Philip Hannam of Montgomery is a single father with three middle school-aged children. None of them, he said, have cellphones, and there are no screens in their bedrooms. The children have Nook readers, he said, and there is one desktop family computer in the kitchen area with Internet they use with permission. The family has one small flat-screen television in the living room with no cable or satellite -- they use the Roku device to access Netflix and other content available online.
"I have been amazed as a parent as to how much time I have to spend protecting my children from a profoundly intrusive culture," Hannam said. "And I am not talking about isolating them nor just keeping out pornography or violence. The culture has no sense of boundaries. It seems like it does with better rules about things like bullying or hateful language. But even these displays of extreme rule-making exist because of the void in basic human decency."

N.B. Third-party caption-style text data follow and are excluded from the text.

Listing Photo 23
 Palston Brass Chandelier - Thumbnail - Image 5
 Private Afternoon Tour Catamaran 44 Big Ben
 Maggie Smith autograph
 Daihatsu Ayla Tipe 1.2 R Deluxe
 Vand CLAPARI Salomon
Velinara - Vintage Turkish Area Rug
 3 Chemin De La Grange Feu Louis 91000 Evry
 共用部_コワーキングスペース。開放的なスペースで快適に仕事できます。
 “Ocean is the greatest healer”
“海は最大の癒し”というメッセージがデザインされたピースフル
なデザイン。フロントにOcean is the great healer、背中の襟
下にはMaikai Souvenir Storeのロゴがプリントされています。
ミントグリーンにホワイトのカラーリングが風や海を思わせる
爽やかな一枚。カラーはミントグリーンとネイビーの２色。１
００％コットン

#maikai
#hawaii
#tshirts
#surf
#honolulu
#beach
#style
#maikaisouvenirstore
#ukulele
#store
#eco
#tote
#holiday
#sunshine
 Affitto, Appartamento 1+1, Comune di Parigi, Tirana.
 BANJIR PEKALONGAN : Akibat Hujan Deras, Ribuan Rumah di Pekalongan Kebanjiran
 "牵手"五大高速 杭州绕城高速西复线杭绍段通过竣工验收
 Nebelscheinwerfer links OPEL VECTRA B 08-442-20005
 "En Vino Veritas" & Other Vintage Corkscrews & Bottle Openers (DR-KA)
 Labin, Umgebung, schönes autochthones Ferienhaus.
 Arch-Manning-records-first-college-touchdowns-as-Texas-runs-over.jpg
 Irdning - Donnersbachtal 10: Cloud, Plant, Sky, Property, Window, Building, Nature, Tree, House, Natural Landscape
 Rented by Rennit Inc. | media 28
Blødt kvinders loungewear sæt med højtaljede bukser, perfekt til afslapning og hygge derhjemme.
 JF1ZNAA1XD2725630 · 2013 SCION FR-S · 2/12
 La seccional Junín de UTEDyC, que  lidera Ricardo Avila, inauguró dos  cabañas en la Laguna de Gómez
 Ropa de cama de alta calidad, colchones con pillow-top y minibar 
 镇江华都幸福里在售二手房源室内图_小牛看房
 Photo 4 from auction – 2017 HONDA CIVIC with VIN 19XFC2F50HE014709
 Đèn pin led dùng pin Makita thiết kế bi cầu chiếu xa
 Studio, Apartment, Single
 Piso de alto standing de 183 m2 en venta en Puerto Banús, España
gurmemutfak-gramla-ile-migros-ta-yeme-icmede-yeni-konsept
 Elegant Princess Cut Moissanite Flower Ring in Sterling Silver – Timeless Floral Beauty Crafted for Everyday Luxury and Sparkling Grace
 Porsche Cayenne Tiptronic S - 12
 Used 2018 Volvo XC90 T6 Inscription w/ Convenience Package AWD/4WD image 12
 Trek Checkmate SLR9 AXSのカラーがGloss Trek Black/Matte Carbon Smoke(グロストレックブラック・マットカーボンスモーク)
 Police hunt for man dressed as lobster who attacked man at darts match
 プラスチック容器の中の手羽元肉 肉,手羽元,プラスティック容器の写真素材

Other than sedentary activity that would be correlated with screen time, the policy also is trying to limit children's exposure to media advertisements for different types of less nutritious foods such as "junk food," said Sheena Gregg, president of the Alabama Obesity Task Force and assistant director of the department of health promotion and wellness at the University of Alabama.
What Gregg finds with the college population is if they do not have behaviors instilled in them from their childhood, they won't have it when they leave the house for college. It is important to instill habits into teens now, she said.
The policy statement cites a 2010 report that found U.S. children ages 8 to 18 spend an average of more than seven hours daily using some kind of entertainment media. Many kids now watch TV online and many send text messages from their bedrooms after "lights out," including sexually explicit images by cellphone or Internet, yet few parents set rules about media use, the policy says.
The policy notes that three-quarters of kids ages 12 to 17 own cellphones; nearly all teens send text messages, and many younger kids have phones giving them online access.